Task brief —
Please copy out the entries below exactly, beginning with the line that contains "Sur la mer - horizon" and ending with the line that contains "20240215-bobcat-emea-warehouse-equipment-bpl18s-7-gallery-4", and include nothing outside that span.

Material for this exercise —
Start of Block

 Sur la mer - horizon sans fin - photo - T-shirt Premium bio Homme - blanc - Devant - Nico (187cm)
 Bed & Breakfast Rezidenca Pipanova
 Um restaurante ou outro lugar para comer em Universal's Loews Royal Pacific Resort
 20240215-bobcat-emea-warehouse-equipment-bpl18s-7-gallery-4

End of Block
Start of Block

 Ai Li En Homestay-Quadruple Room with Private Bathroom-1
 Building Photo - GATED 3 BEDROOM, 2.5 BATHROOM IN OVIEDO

End of Block

Result of this exercise —
 Sur la mer - horizon sans fin - photo - T-shirt Premium bio Homme - blanc - Devant - Nico (187cm)
 Bed & Breakfast Rezidenca Pipanova
 Um restaurante ou outro lugar para comer em Universal's Loews Royal Pacific Resort
 20240215-bobcat-emea-warehouse-equipment-bpl18s-7-gallery-4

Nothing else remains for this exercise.